When media outlets post content to their Facebook page through SocialFlow, SocialFlow can glean insights on both reach and engagement—that is, how many people see a post, and how many people actually click it.

SocialFlow says that a typical media outlet, on a good day, enjoys about a 5% click-through rate on its content. (To journalists, that may be depressing, but it is at least higher than digital ads get.) If Facebook’s algorithm were hiding a certain type of content from users, SocialFlow (and the media outlet) would see a significant drop in its engagement rate. That isn’t happening, Anderson claims.

“We’ve seen no evidence of any sort of intentional manipulation of what content is seen,” Anderson tells Yahoo Finance. “What I have seen is people’s engagement rate can go down, but that might be because they haven’t published as much lately, or frankly if their content wasn’t as good.”

He added, referring to Facebook’s supposed manipulation, “If it were happening, we would see a sudden decline in reach of conservative posts from conservative publications. We have not seen that.”

Anderson says a typical outlet can see slight changes in its reach from week to week, but nothing significant enough to suggest an intentional obfuscation by Facebook.

He offers up a few other explanations for the phenomenon, if in fact it is happening on a small scale: Facebook slightly punishes recycling of posts, which means that it might show a post to fewer people if a news site already posted the story (that isn’t the case on Twitter); Facebook’s algorithm serves you up content based on what you’ve liked in the past, so if you’ve always shared and clicked liberal news blogs, yes, you’re likely to see fewer posts from conservative sites; and it tends to overshare content from sites that are generally popular at the moment—meaning that if a conservative site’s traffic is fading, Facebook might serve up its posts to fewer people for a time, which would exacerbate the issue.

But Anderson reiterates that, although he cannot be 100% certain, he doubts Facebook is guilty of suppressing conservative news stories.

To be sure, you might take Anderson and SocialFlow as a biased party, because it depends on Facebook for its business model. But you could also look at it the other way: SocialFlow merely helps media outlets share their content to whatever social media platform is popular; if Facebook were to lose steam, and a new player came along, SocialFlow would connect to that one. So in a sense, SocialFlow shouldn’t necessarily have any particularly loyalty to one site.

Facebook, for its part, responded to the accusations on Monday night through a lengthy post by Tom Stocky, who runs the Trending Topics team.

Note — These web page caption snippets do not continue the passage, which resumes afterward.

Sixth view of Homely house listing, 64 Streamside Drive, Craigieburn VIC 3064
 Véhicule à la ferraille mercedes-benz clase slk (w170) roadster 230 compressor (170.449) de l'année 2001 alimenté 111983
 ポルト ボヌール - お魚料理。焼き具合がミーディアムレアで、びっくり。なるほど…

“We take these reports extremely seriously, and have found no evidence that the anonymous allegations are true,” he wrote. “There are rigorous guidelines in place for the review team to ensure consistency and neutrality. These guidelines do not permit the suppression of political perspectives. Nor do they permit the prioritization of one viewpoint over another or one news outlet over another.”

Of course, a statement won’t put the issue to rest: Republican senator John Thune, from South Dakota, is now asking Mark Zuckberg for answers.